Shallow Thoughts : : 15

Akkana's Musings on Open Source Computing and Technology, Science, and Nature.

Tue, 15 May 2007

Etch: Blacklisting Modules, Udev, and Firewire Networking

The new Debian Etch installation on my laptop was working pretty well. But it had one weirdness: the ethernet card was on eth1, not eth0. ifconfig -a revealed that eth0 was ... something else, with no IP address configured and a really long MAC address. What was it?

Poking around dmesg revealed that it was related to the IEEE 1394 and the eth1394 module. It was firewire networking.

This laptop, being a Vaio, does have a built-in firewire interface (Sony calls it i.Link). The Etch installer, when it detected no network present, had noted that it was "possible, though unlikely" that I might want to use firewire instead, and asked whether to enable it. I declined.

Yet the installed system ended up with firewire networking not only installed, but taking the first network slot, ahead of any network cards. It didn't get in the way of functionality, but it was annoying and clutters the output whenever I type ifconfig -a. Probably took up a little extra boot time and system resources, too. I wanted it gone.

Easier said than done, as it turns out.

I could see two possible approaches.

  1. Figure out who was setting it to eth1, and tell it to ignore the device instead.
  2. Blacklist the kernel module, so it couldn't load at all.

I begain with approach 1. The obvious culprit, of course, was udev. (I had already ruled out hal, by removing it, rebooting and observing that the bogus eth0 was still there.) Poking around /etc/udev/rules.d revealed the file where the naming was happening: z25_persistent-net.rules.

It looks like all you have to do is comment out the two lines for the firewire device in that file. Don't believe it. Upon reboot, udev sees the firewire devices and says "Oops! persistent-net.rules doesn't have a rule for this device. I'd better add one!" and you end up with both your commented-out line, plus a brand new uncommented line. No help.

Where is that controlled? From another file, z45_persistent-net-generator.rules. So all you have to do is edit that file and comment out the lines, right?

Well, no. The firewire lines in that file merely tell udev how to add a comment when it updates z25_persistent-net.rules. It still updates the file, it just doesn't comment it as clearly.

There are some lines in z45_persistent-net-generator.rules whose comments say they're disabling particular devices, by adding a rule GOTO="persistent_net_generator_end". But adding that in the firewire device lines caused the boot process to hang. There may be a way to ignore a device from this file, but I haven't found it, nor any documentation on how this system works.

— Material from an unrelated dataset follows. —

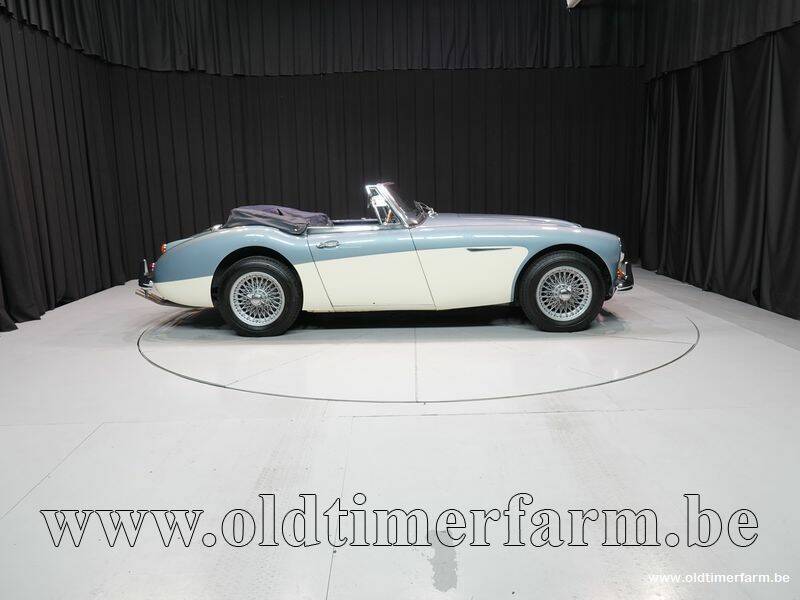 Image 8/15 of Austin-Healey 3000 Mk III (BJ8) (1967)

Defeated, I switched to approach 2: prevent the module from loading at all. I never expect to use firewire networking, so it's no loss. And indeed, there are lots of other modules loaded I'd like to blacklist, since they represent hardware this machine doesn't have. So it would be nice to learn how.

I had a vague memory of there having been a file with a name like /etc/modules.blacklist some time back in the Pliocene. But apparently no such file exists any more. I did find /etc/modprobe.d/blacklist, which looked promising; but the comment at the beginning of that file says

# This file lists modules which will not be loaded as the result of
# alias expsnsion, with the purpose of preventing the hotplug subsystem
# to load them. It does not affect autoloading of modules by the kernel.
Okay, sounds like this file isn't what I wanted. (And ... hotplug? I thought that was long gone, replaced by udev scripts.) I tried it anyway. Sure enough, not what I wanted.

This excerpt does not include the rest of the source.